STOPPARD: Well, number one, by the very nature of translation, and more acutely in the case of a great writer like Chekhov, there is no terminus to the event. The Cherry Orchard exists somewhere around the intersection of innumerable translations, but none of them can really account for the play, not can they ever hope to. And the second thing is, a translation that appears to have its optimum realization also has a built-in obsolescence. It may be perfect for its time, but in five years it will seem dated. What seems right for one now, always seems wrong a few years later. Plus there’s a third thing. I haven’t discussed this yet with Sam Mendes, but it also seems to me that directors like to have a new text to work with because the text is essentially unsettled. It is only when the play is performed and the script is published that the text becomes settled. And yes, of course, there are several translations of The Cherry Orchard by a number of writers which are quite good. Michael Frayn’s, for instance -- which has the added value of being written by the only one of us who also reads Russian. You would think that would have taken care of the problem for everyone else. But when the script is being worked on by directors and actors during rehearsal, there is still the sense of a writer composing in English and not the original language. (One of the problems with having me as an interviewee is that I can go on and on like a toy. [LAUGHTER] This is not a tribute to your question so much as it is a tribute to my nature. [LAUGHTER]) As I was saying, having the text not settled is a pleasure and a benefit, but it means that the task of translation is always an open-ended one.

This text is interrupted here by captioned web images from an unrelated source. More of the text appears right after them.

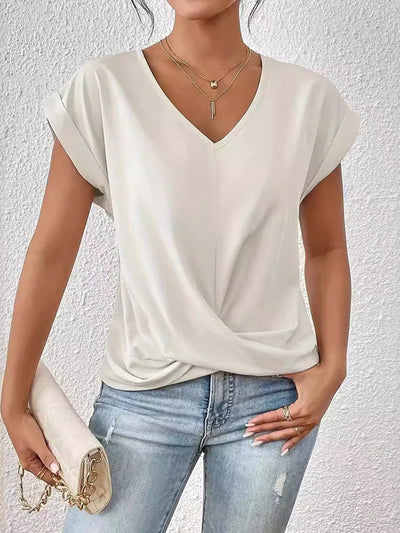 Loose Plus Size Pleated Solid Color V-Neck T-Shirts Tops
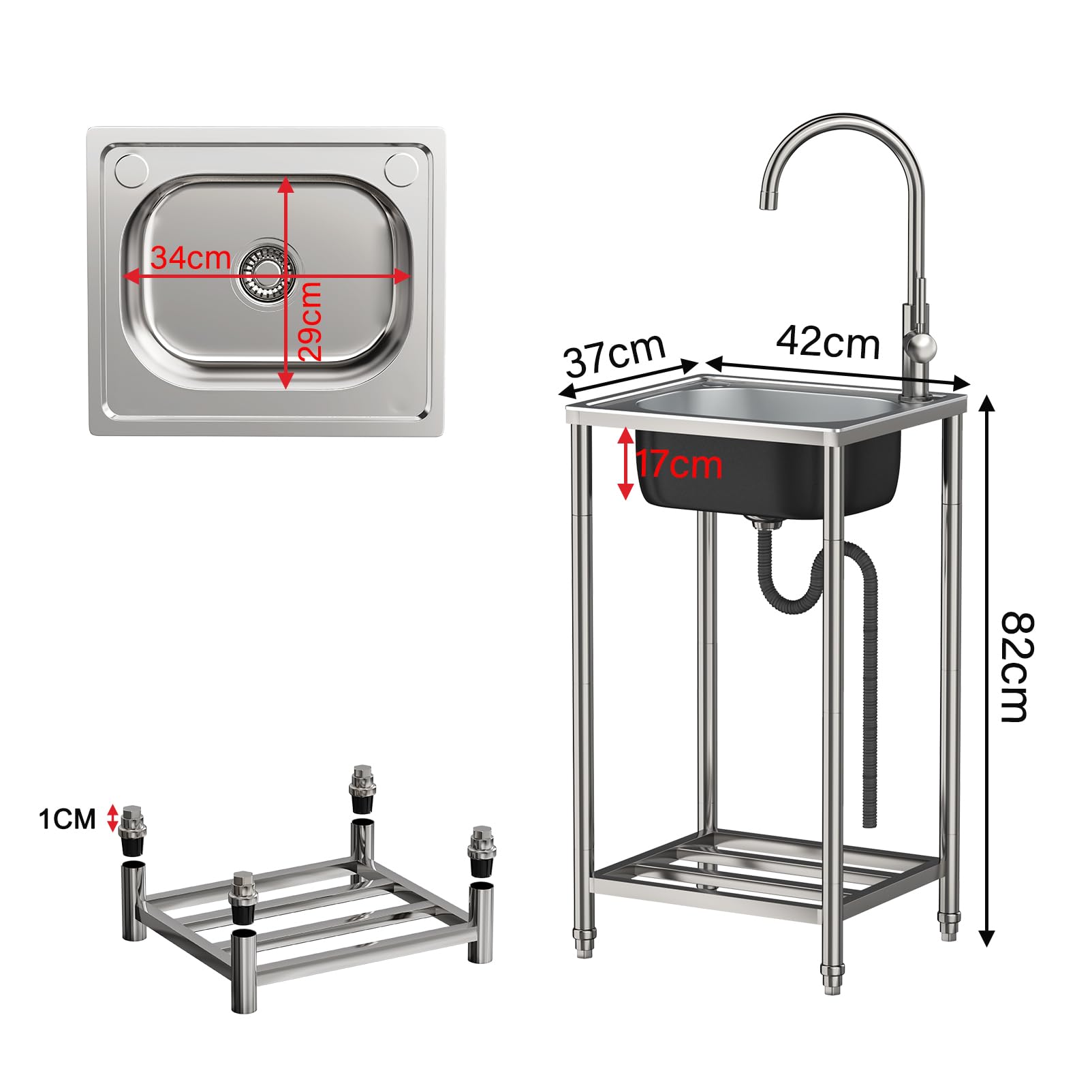 Éviers portables en acier inoxydable, évier de cuisine, évier de traiteur, évier d'extérieur sur pied unique avec robinet et drain, évier utilitaire pour garage, buanderie, restaurant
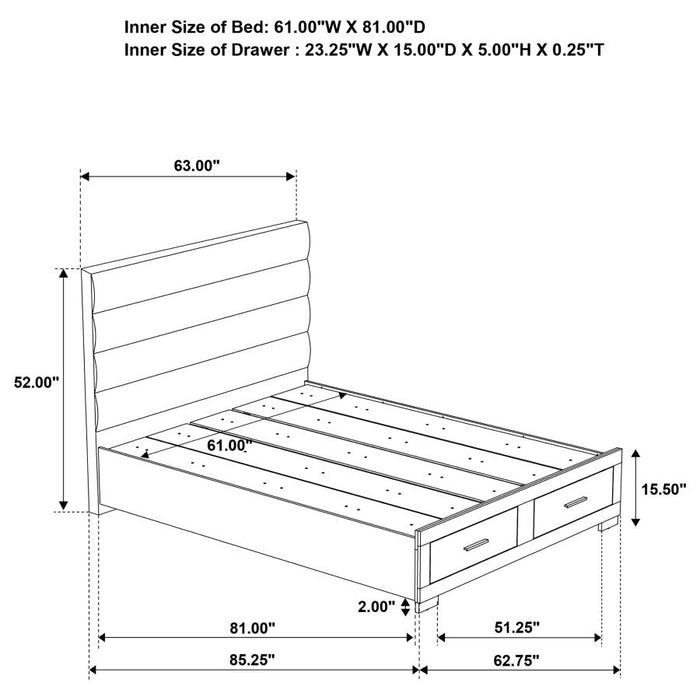Coaster Furniture - Felicity 4-Piece California King Platform Bedroom Set in White - 203510KW-S4 - GreatFurnitureDeal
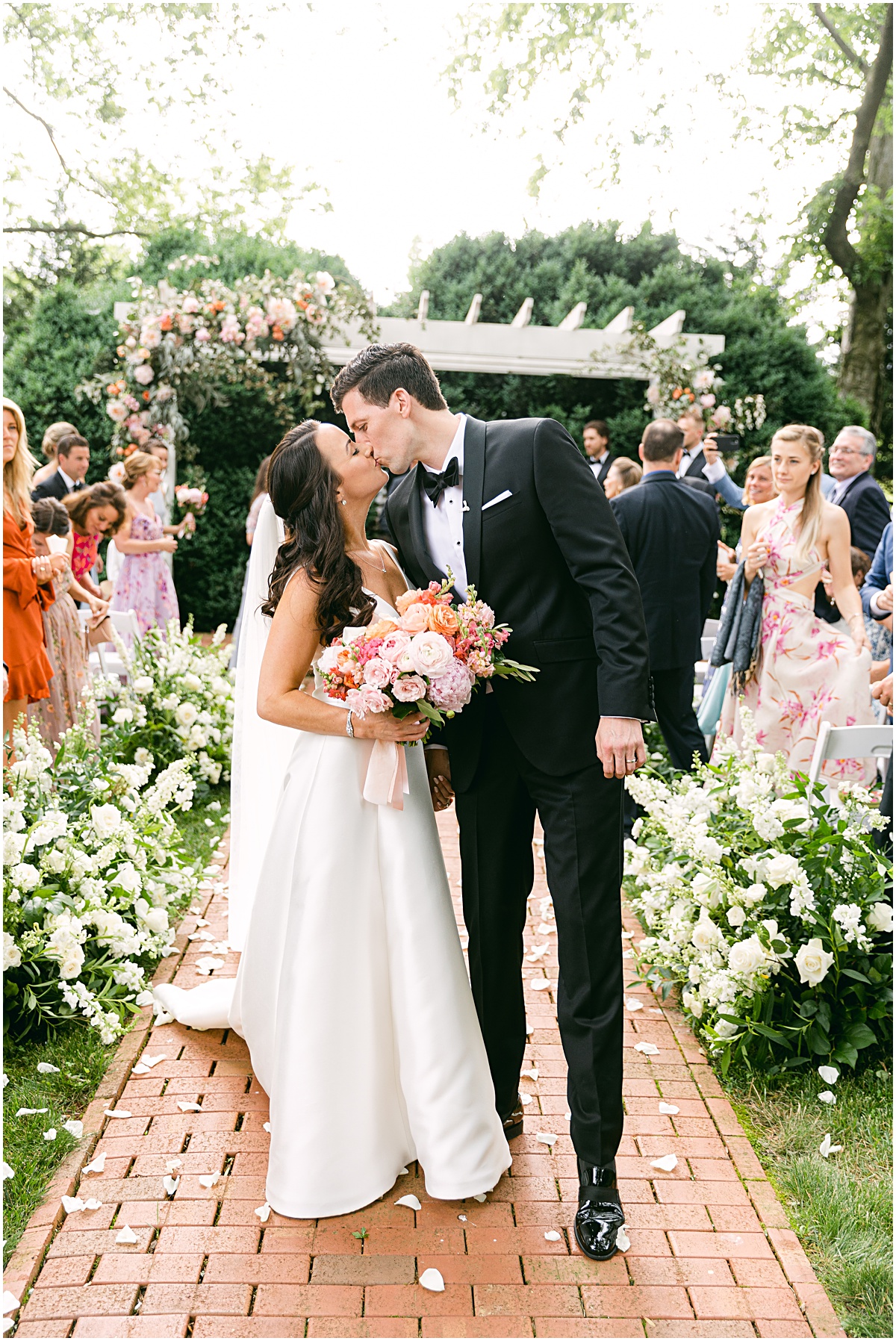 First Kiss as man and wife! Joyful summer wedding at the Inn at Willow Grove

REMNICK: What qualities would you put in your translation that you weren’t getting in Frayn’s? What do you want your Chekhov to have more of? What is Tom Stoppard’s Chekhov?
STOPPARD: I don’t see it in those terms. One must remember that theatre is an event, as it were, and not a text. The text is fulfilled in performance. And when one is working on a translation, one writes for actors, one sounds out the lines, pretending to be an actor while saying them. It’s a different type of storytelling. But all storytelling is an art form, and an Anton Chekhov story is told in what is even now a slightly idiosyncratic -- and at the time quite revolutionary -- manner. The fact is that in a Chekhov play there is a macro-story and a micro-story, like a palimpsest of several maps layered one upon the other, where two different scales of action are taking place. A great deal of internal things are going on while a character speaks two lines and takes a drink. There’s a story that when he finished his first play -- he was 27, and it took him two weeks, ten days actually -- he wrote a letter to his brother and he said “I have written no villains and no angels.” So he had some sense of what he was achieving, the revolutionary nature of it, even now, that one can write with total moral neutrality. And it didn’t come out of nowhere -– one can point to Turgenev and a Month In The Country which was written 50 years before. But it was revolutionary. I just thought of a strange analogy. It would be equivalent to someone saying seventy years ago, “What the hell is this with New Yorker stories? They don’t seem to finish, they just stop.” [LAUGHTER] Of course people now are taking that in stride. One does not judge modern stories by how much they are like an O Henry story. By the way, I would like to come back to Eugene Onegin at the half past nine mark. [LAUGHTER]
REMNICK: When Constance Garnett translated Dostoevsky and Tolstoy into English, it was their introduction into the English language culture. I interviewed Joseph Brodsky once, and he said, “Your problem as English-speaking readers is, they sound the same to you. Oh, maybe Dostoevsky is a little darker, and Tolstoy is a little lighter, but they’re essentially the same. You don’t understand. Dostoevsky is a hilarious writer.” That’s a word you don’t usually hear to describe Dostoevsky. “Hilarious.” So my question is, do you think translation a tonal thing as well as a verbal thing?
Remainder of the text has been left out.